I looked at output.html and the one item that is still not displaying
correctly is the second item labeled "First item is plain" that should have
a checkmark next to it. The checkmark character is coming through as EF 82
BC = U+F0BC when I believe it should be E2 9C 93 = U+2713. (I'm referencing
http://www.fileformat.info/info/unicode/char/2713/index.htm.)
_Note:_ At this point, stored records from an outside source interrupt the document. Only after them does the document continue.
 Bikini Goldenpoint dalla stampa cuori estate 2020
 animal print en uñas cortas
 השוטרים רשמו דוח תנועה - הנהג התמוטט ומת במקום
And would it be possible for you to run a conversion on the original Word
document I sent to you so that I could compare it with what I was seeing
before?

Thank you for taking the time to look into this.

Steve

Hi Steve,

Thank you for your details. I have converted the original Word document to HTML file format. Now you can compare it.
Please find zip file as an attachment.

Best Regards,
Imran Rafique
Support Developer, Saaspose Sialkot Team
http://www.saaspose.com

Hi Imran,

Overall it looks good except for the checkmark issue I mentioned before. Is it possible to change that character sequence to use the "official" Unicode checkmark character or there other reasons to preserve the character that I don't understand?

Thanks,
Steve

Hi Steve,

Thank you for your inquiry. Currently, our development team is analyzing the checkmark issue. As soon as we have made some significant progress, we would be more than happy to update you with the status of correction. We will keep you informed and let you know once it is fixed.

Best Regards,
Imran Rafique
Support Developer, Saaspose Sialkot Team
http://www.saaspose.com

Hi Steve,

It is to update you that our development team has finished analysing your issue and come to a conclusion that is your issue and the behaviour you're observing is actually not a bug. You can change the bullet font to "Arial Unicode MS" or "Segoe UI Symbol" and use U+2713 bullet symbol to solve this issue. If we can help you with anything else, please feel free to ask.

Best Regards,
Imran Rafique
Support Developer, Saaspose Sialkot Team
http://www.saaspose.com

Hi Steve,

Is your issue resolved after the last suggestion from our support team? Do you need any further help from our side? If you find any questions or need assistance, please feel free to let us know and we'll be glad to help you.

Thanks & Regards
Shahzad Latif
Saaspose Support Team.